The first, most consistent advice has been to stay safe enough to keep the virus at bay, i.e practice handwashing and physical distancing. That said, for some, this might be the very thing that worsens or triggers mental health complications, such as obsessive-compulsive disorder (OCD). If that holds true for you, talk to a professional to help come to an understanding on what’s healthy and what isn’t so you can keep the virus away while also protecting your mental health. 

The second, very valuable bit observation has been the importance of managing how much content we consume on a daily basis. Scrolling through post after post about deaths and COVID will only fuel anxiety and potentially lay the foundation of post-traumatic stress disorder that will manifest years later. Try and keep a check on how often you check the news on covid, switch from news channels to watching a movie or a TV show, mute certain keywords that cause an anxious response and don’t be guilty about disengaging to keep your sense of self intact. Besides this, avoid reading distressing news before bedtime and do not forward alarming, panic-inducing messages to loved ones. Talk to them about doing the same for you. 

Besides these, there’s no substitute for social connection. Physically distancing yourself doesn’t have to be socially depriving. Pick up the phone and text or call a friend to share details about your day, thoughts, and frustrations with them and to listen to them in return. Knowing that there are people out there who have our best interests at heart can help us feel safe, heard, and loved. Make use of what technology has to offer by signing up for apps that foster conversation or offer multiplayer game options. Host an online book club or set updates with your friends over video call, your options are unlimited. And although it’s just not the same, you’ll find that keeping in touch will help you keep your peace of mind. Be sure to talk about things other than the crisis we’re dealing with. 

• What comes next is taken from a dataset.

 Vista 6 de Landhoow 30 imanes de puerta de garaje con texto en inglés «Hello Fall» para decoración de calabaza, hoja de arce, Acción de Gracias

Finding ways to contribute and practice empathy can be a great way of coping with your own struggles. See if you can get involved with a volunteer group online or contribute financially to one in some way. Head out (with your mask on) to feed stray animals in your locality. This will help keep a sense of purpose alive and get you to look forward to something every day. 

Be sure to stick to a routine. Although it sounds corny, it’s some of the most invaluable and honest bits of advice most therapists will give you. Our brains need predictable activity so we can relax our ever-vigilant nervous systems. Follow the “early to bed, early to rise” mantra and remember that our moods are invariably tied to our activities and thoughts so to switch one, you’ve got to switch the other out. Stay creative and precise with what you consume and indulge in delicious, healthy food that speaks to your soul (even if that means a homemade pizza with a cauliflower crust!) Don’t forget to take some time out to work out as well (dance challenges on reels count!). 

And finally, reach out to see if you can speak to a trained professional if you’ve been feeling exceptionally overwhelmed. This will help you build healthy habits and actively work on being healthy in the true sense of the word. In the meantime, the world awaits as scientists look at scores of data from various studies to understand how mental health woes due to the pandemic impact people’s well-being in the long term and build systems to manage and avoid the same in the event of (God forbid) future pandemics.